Anumana, a Massachusetts-based nference portfolio company, has received U.S. Food and Drug Administration (FDA) clearance for its new artificial intelligence (AI) model that identifies signs of low ejection fraction (LEF) in 12-lead electrocardiograms (ECGs).
The ECG-AI LEF algorithm, developed as part of a collaboration with Mayo Clinic in Rochester, Minnesota, was designed to help screen high-risk patients for heart failure. It was built using data from more than 100,000 ECGs and 100,000 echocardiograms and has already been tested in a clinical setting on more than 40,000 patients.
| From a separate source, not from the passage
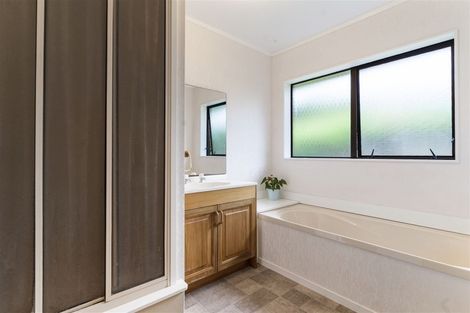 Photo of property in 2/146 Whitford Road, Somerville, Auckland, 2014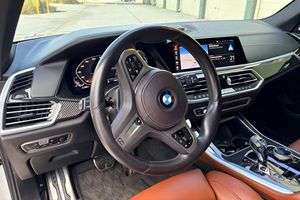 2023 BMW X5 M50i Essence faible kilométrage - Product Image 6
The AI model was then validated in a clinical trial involving 16,000 patients, producing a sensitivity of 84.5% and specificity of 83.6% when it came to spotting patients with an ejection fraction less than or equal to 40%.
“Anumana’s ECG-AI LEF fills an important unmet need—the lack of an easily accessible point-of-care, noninvasive, and inexpensive tool to screen for a weak heart pump,” Paul Friedman, MD, chair of the department of cardiovascular medicine at Mayo Clinic and chair of the Anumana Board of Advisors, said in a prepared statement. “It allows identification of otherwise hidden disease, for which many effective, lifesaving treatments are available—once the presence of the disease is known.”